Today’s technologies are truly comprehensive, with features that range from presence indicators, to instant chat, to collaborative document sharing, to instantaneous videoconferencing—all at the touch of a button. These capabilities come amazingly close to replicating an in-person experience, and they can be used so spontaneously that they could be considered a virtual water cooler. Some of these systems even let you blur your background (possibly to disguise a less-than-tidy home office).
So, what conclusions can be drawn in the context of conference cancellations and COVID-19? Yes, we are increasingly relying on these cloud-based collaboration technologies, but we’re not 100-percent there. We have seen virtual private networks (VPNs), bandwidth and servers stressed during this period. COVID-19 might be the driver that forces us to explore new applications for these solutions, or that makes us expand upon existing applications and widen their adoption. So, although conventional wisdom might lead one to conclude that the rapid necessity to spin up work-from-home support might drive user organizations to the cloud, risk-averse corporations might actually end up pulling away from a cloud-first strategy and shifting to more of a hybrid approach.
Circling back to cancelled events, it’s true that there’s nothing quite like large-scale conventions. The convention experience requires very physical logistics—from shipping a booth, to flying people in, to walking the show floor, to all the physical interactions that come with those activities. We can’t do without relationship-building, face-to-face meetings—but could they be replicated virtually? I would argue we could certainly come close. And some of the giants have made clear they intend to try. At the time of this writing, Facebook’s CEO, Mark Zuckerberg, plans to replace the “in-person component” of the Facebook F8 Developer Conference with video presentations and livestreamed content, plus locally hosted gatherings for developers. Many others are aiming to turn their own meetings into online-only events.
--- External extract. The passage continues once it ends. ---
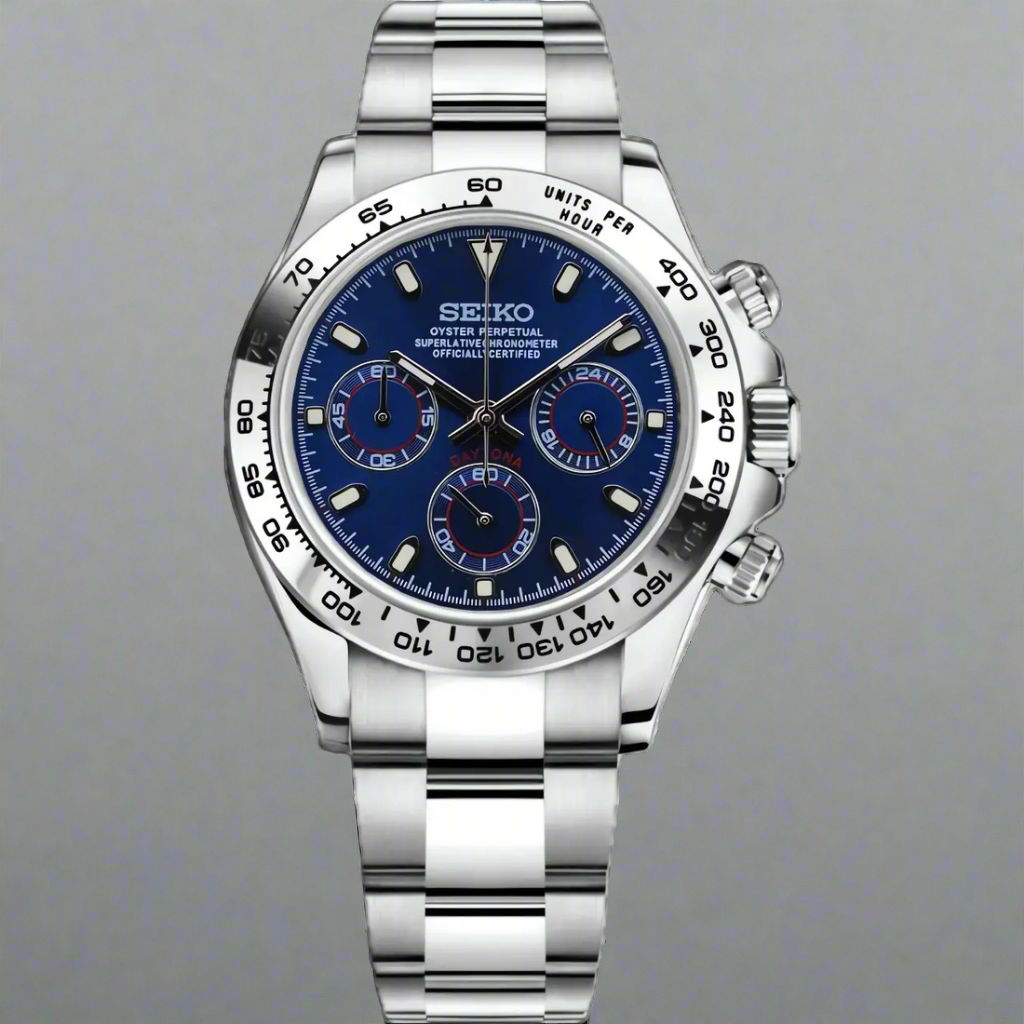 Seiko Mod Daytona-Style Chrono | Cadran albastru | Safir | Oyster din oțel | VK63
In fact, some of today’s industry behemoths are already using collaborative-media and videoconferencing technology to host town-hall-style sessions as part of their regularly scheduled corporate communications with employees and partners. You could say this application is necessary for these global corporations, which can’t necessarily fly in all their players to meet at the same time, in the same place, on a regular basis.
It doesn’t have to be only the giants leveraging collaboration technology in this way, though. Today’s enterprise-collaboration and videoconferencing solutions are mainly cloud-based. They require very little infrastructure, and they’re widely accessible and secure to anyone who has an internet connection and a device. Any organization can adopt this technology or enhance its existing solution set to acquire these capabilities. Many small and mid-size businesses will adopt this same approach.
This is a pivotal time, and we might have reached the tipping point for change. Our reliance on technology is undeniable, but, as current events have made clear, we’re still uncovering new applications for what we’re currently practicing on a smaller scale. Can today’s enterprise-collaboration and videoconferencing solutions exactly replicate the meetings and events that are being cancelled to protect global health? No, not quite. But they do provide a strong path for moving forward.